**About this exercise:**
From the listing below, copy only the lines running from the line that contains "Front of Dare" to the line that contains "NASA image: Currie", both included.

**Input:**

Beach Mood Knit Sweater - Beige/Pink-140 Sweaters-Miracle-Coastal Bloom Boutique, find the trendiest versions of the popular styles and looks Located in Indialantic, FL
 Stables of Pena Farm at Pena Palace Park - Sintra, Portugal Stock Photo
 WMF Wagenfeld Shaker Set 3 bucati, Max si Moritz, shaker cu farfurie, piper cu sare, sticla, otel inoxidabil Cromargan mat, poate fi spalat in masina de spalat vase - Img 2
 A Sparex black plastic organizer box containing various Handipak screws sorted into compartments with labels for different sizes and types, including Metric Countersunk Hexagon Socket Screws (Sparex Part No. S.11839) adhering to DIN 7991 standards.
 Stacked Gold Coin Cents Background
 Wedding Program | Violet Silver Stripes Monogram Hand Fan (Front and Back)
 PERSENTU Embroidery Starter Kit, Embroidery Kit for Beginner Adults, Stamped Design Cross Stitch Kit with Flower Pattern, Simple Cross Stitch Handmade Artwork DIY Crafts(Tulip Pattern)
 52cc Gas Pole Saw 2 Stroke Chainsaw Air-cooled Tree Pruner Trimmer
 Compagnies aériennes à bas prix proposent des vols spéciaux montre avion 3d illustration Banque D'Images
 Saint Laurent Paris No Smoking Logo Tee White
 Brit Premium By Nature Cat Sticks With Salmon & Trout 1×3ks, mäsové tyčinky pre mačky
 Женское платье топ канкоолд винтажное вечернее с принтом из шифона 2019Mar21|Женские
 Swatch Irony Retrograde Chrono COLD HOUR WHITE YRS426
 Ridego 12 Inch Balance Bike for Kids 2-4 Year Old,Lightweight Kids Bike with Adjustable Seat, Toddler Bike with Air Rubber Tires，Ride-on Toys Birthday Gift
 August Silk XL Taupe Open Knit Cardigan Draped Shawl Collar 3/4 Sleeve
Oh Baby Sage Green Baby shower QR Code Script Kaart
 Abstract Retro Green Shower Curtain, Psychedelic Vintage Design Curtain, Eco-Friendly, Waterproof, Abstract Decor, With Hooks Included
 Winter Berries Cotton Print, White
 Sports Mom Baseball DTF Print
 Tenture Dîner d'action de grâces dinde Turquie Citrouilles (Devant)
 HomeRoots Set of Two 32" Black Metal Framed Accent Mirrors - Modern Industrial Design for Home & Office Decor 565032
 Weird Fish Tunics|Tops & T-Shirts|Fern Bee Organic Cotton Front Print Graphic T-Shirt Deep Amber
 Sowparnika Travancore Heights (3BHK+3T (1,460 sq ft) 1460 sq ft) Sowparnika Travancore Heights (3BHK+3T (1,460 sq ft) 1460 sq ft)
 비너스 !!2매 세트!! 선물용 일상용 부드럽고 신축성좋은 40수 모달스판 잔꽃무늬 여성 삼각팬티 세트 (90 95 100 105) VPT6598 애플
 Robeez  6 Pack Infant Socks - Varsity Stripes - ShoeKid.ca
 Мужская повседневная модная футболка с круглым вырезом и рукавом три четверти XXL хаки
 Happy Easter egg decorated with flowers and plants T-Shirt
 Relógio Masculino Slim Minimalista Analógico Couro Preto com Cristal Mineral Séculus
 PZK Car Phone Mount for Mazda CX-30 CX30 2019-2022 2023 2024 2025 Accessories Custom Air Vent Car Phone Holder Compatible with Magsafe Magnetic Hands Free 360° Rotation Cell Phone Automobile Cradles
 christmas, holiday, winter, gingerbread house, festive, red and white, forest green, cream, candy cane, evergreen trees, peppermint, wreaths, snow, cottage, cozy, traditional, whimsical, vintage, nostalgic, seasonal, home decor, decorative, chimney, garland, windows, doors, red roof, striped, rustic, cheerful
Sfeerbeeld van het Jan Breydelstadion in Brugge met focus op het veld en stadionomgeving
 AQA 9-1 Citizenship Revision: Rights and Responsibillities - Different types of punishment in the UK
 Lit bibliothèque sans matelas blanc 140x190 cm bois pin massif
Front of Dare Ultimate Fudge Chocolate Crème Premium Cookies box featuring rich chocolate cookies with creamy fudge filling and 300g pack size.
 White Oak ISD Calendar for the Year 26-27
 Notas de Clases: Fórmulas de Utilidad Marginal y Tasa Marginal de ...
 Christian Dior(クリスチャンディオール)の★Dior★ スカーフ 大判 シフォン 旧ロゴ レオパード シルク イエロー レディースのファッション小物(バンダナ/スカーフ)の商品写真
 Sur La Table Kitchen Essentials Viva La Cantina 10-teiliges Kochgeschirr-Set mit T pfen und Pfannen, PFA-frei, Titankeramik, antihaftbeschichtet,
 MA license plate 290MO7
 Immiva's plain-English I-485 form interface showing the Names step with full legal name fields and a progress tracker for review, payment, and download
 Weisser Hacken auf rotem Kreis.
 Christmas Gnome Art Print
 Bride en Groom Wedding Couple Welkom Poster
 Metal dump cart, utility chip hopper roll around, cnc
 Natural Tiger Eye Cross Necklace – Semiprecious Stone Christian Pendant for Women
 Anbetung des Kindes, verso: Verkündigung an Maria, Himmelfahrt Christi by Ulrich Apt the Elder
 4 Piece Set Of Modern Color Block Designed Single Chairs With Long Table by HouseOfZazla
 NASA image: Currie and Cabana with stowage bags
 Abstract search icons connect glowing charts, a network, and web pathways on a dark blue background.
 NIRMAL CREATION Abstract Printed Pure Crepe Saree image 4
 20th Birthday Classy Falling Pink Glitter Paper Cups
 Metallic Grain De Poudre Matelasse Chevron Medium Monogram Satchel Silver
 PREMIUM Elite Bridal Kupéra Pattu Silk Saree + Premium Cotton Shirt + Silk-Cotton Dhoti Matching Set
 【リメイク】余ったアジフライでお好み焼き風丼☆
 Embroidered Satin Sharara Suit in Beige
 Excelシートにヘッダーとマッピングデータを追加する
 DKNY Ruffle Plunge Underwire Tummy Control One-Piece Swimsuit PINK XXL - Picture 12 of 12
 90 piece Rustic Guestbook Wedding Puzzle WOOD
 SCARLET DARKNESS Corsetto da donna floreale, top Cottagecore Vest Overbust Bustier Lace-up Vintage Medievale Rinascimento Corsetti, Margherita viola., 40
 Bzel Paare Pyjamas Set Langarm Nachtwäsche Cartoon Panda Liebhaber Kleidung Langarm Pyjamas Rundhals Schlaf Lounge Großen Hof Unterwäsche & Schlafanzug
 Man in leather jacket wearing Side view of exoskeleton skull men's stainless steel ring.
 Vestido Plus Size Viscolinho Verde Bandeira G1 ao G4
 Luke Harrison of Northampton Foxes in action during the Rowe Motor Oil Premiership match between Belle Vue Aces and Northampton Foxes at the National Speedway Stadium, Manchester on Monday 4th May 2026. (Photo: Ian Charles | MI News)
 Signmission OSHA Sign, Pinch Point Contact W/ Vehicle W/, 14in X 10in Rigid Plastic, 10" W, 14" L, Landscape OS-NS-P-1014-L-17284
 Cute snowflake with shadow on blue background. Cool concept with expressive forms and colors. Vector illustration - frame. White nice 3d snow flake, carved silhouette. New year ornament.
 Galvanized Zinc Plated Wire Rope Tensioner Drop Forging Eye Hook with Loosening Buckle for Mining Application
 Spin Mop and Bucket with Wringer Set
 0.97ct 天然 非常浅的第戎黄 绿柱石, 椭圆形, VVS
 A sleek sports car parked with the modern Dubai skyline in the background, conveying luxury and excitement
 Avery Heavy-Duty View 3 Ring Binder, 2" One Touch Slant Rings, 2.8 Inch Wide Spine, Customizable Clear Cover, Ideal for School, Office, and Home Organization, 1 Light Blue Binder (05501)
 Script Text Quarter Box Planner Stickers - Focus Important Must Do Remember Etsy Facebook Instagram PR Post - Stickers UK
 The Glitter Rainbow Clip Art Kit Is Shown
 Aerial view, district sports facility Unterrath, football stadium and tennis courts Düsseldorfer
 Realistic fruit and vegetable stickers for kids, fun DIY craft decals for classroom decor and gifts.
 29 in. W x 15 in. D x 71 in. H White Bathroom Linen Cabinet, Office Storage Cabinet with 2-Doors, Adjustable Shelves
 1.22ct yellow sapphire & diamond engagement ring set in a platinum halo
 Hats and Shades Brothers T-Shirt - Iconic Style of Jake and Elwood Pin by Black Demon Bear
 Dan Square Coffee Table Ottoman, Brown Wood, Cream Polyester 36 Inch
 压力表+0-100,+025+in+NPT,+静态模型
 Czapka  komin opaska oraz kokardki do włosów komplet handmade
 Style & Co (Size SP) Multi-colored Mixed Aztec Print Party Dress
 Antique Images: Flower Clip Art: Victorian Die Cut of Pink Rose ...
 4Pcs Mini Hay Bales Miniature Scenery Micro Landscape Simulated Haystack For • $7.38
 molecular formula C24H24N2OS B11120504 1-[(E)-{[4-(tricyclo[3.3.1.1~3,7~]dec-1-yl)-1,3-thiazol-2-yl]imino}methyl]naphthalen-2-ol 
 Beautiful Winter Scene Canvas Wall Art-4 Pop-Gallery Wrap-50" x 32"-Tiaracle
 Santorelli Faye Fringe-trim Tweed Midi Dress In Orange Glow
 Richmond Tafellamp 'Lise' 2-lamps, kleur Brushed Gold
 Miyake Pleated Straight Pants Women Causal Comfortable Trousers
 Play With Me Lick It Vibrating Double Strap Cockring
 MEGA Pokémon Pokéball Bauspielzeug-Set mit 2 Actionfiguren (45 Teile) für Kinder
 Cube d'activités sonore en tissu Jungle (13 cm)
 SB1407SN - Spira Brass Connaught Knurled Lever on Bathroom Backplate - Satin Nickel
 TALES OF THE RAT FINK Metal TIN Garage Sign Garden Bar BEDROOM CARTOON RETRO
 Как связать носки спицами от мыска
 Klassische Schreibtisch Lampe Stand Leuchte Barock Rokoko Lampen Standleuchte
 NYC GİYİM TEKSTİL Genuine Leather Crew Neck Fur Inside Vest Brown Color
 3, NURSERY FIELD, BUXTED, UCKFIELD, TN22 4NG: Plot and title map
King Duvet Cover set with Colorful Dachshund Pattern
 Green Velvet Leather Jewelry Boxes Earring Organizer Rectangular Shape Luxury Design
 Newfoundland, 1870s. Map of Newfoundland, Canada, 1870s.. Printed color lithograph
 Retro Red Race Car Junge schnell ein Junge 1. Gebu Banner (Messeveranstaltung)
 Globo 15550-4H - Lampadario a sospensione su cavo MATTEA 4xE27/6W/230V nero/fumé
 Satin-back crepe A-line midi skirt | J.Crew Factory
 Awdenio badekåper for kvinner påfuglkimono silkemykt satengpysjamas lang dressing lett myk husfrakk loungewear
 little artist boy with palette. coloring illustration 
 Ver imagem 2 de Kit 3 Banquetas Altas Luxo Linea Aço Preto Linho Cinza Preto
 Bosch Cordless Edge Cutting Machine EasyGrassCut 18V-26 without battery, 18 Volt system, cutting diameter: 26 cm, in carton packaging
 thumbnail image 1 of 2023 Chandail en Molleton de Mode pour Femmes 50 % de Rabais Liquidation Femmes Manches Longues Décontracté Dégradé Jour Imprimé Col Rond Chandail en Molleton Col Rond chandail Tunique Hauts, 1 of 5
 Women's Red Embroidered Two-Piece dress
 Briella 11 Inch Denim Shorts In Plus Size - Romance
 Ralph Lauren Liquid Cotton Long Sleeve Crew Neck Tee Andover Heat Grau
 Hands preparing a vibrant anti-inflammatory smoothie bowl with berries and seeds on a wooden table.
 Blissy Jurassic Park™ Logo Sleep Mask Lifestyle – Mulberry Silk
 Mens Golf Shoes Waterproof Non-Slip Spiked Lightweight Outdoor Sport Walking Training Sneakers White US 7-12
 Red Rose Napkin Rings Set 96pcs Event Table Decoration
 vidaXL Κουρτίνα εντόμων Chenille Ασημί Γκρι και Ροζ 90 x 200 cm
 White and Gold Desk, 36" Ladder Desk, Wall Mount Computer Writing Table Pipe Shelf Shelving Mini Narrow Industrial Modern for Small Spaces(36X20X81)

**Task response:**
Front of Dare Ultimate Fudge Chocolate Crème Premium Cookies box featuring rich chocolate cookies with creamy fudge filling and 300g pack size.
 White Oak ISD Calendar for the Year 26-27
 Notas de Clases: Fórmulas de Utilidad Marginal y Tasa Marginal de ...
 Christian Dior(クリスチャンディオール)の★Dior★ スカーフ 大判 シフォン 旧ロゴ レオパード シルク イエロー レディースのファッション小物(バンダナ/スカーフ)の商品写真
 Sur La Table Kitchen Essentials Viva La Cantina 10-teiliges Kochgeschirr-Set mit T pfen und Pfannen, PFA-frei, Titankeramik, antihaftbeschichtet,
 MA license plate 290MO7
 Immiva's plain-English I-485 form interface showing the Names step with full legal name fields and a progress tracker for review, payment, and download
 Weisser Hacken auf rotem Kreis.
 Christmas Gnome Art Print
 Bride en Groom Wedding Couple Welkom Poster
 Metal dump cart, utility chip hopper roll around, cnc
 Natural Tiger Eye Cross Necklace – Semiprecious Stone Christian Pendant for Women
 Anbetung des Kindes, verso: Verkündigung an Maria, Himmelfahrt Christi by Ulrich Apt the Elder
 4 Piece Set Of Modern Color Block Designed Single Chairs With Long Table by HouseOfZazla
 NASA image: Currie and Cabana with stowage bags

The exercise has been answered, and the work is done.